While the federal model for sharing services across government has so far gleaned attention for the cost savings it promises, it will also mean more resources for agency missions and better services in the future, said Department of Homeland Security CIO Richard Spires. And though not without challenges, he added, the current model makes more sense than past efforts to achieve similar results.
“I think there was a bit of a mistake made in the last administration,” Spires said, referring to the Line of Business initiatives in 2004, which aimed to identify ways in which services commonly found in numerous agencies can be provided in a more efficient manner.
“E-travel makes sense and grants management makes sense,” he said. “The problem is, we all have these unique business processes. To just drop in and force you to move to one of these application systems is just flat out difficult. We’re actually trying to change the model.”
Spires said the federal shared services strategy makes more sense than the previous initiatives because it allows agencies to “start with the easy stuff” such as commodity IT, in order to save money and reassign workers to further agency missions rather than email administration, for example.
John Kost, who served Michigan as the first state CIO and is now a vice president at Gartner, Inc., agreed.
“It’s not just a big bang approach anymore which has failed everywhere,” he said, noting efforts here as well as in Canada and the UK during an expert panel after Spires’ speech. “It’s a bottom up approach and it has tremendous potential. One of the reasons things break down is because these things haven’t been done and they’re scary. We’re moving toward a time when more managers are willing to do it.”
That engagement, he and other panelists said, is key to a framework for success.
“With VanRoekel’s plan you can see how it incorporates all levels of departments in the process, broken down to granular level and based on business functions,” Kost said.
It was apparent from Federal CIO Steven VanRoekel’s address the night before, as well as Spires and the panelists, that the shared IT strategy has gained momentum in leadership ranks. All acknowledged managing the change can be difficult. But they said communication, transparency, collaboration among all agency ranks and partners and a focus on goals and results made a huge difference at their agencies. Being “easy to do business with” helps, too.

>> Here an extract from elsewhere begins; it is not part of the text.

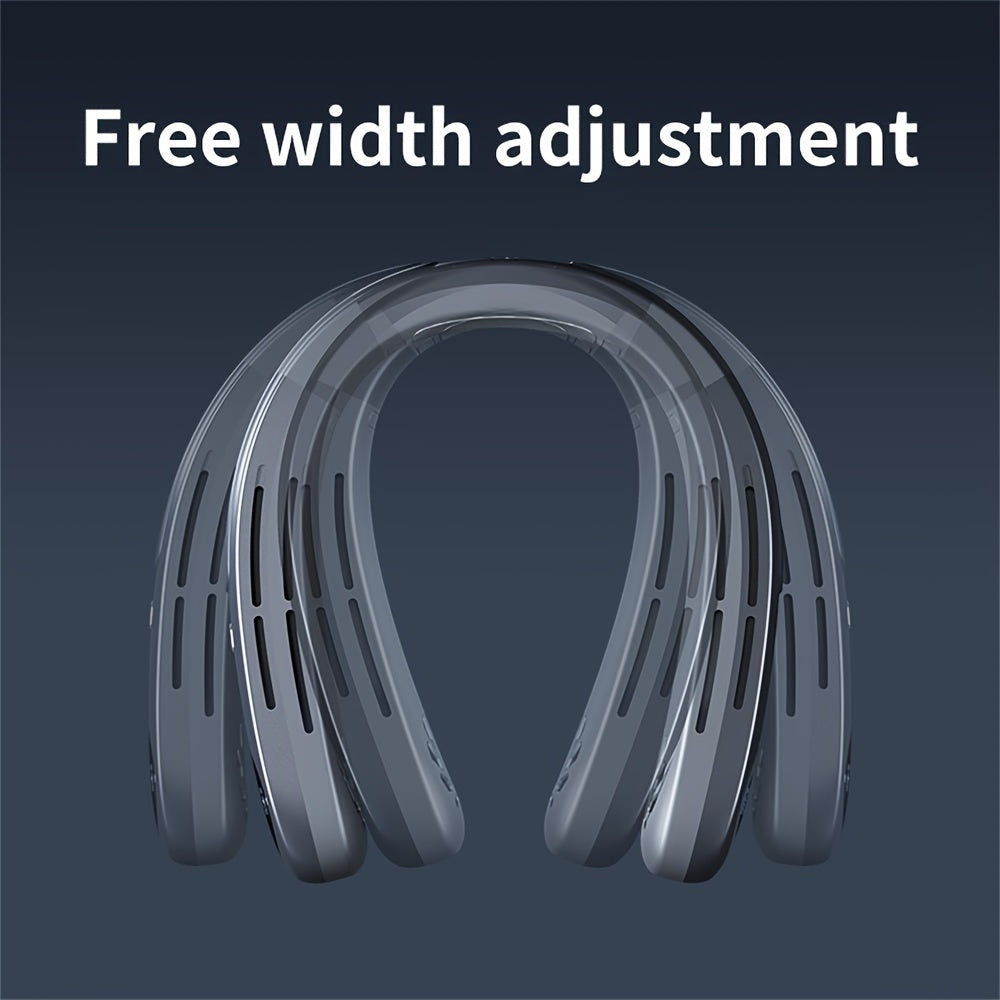 Mini Hanging Neck Fan Portable Wearable Halter Fan 4000mAh Cool Design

“I don’t know any CIOs …who have the organizational clout to make these things happen,” Kost said. “You have to have the right people on board. And I’m not just talking about a mandate. The governor of Colorado did that and it still didn’t happen. You’ve got to have leadership engagement.”
He added: “As far as being easy to do business with, simply not being monopolistic and arrogant is the first thing to get over,” Kost said. “It’s still way too widespread in public service organizations.”
It was also clear, however, that some still aren’t completely convinced the shared services model can work.
Attendees voiced familiar concerns and echoed questions posed in other arenas, particularly surrounding security. Spires said FedRAMP will help with some of the issues and that some federal agencies are on a path toward continuous monitoring.
“Security has been a barrier to shared services, but let’s not kid ourselves about all of these legacy systems. Don’t think that they’re highly secure,” Spires said. “We have significant issues with security because of our legacy systems. … We can’t fix the vulnerability because of the architecture.”
He added: “Marry a good continuous monitoring system and trusted internet connection and there’s no reason you wouldn’t be just as secure using a public cloud-based service as you are with using one in your own data center.”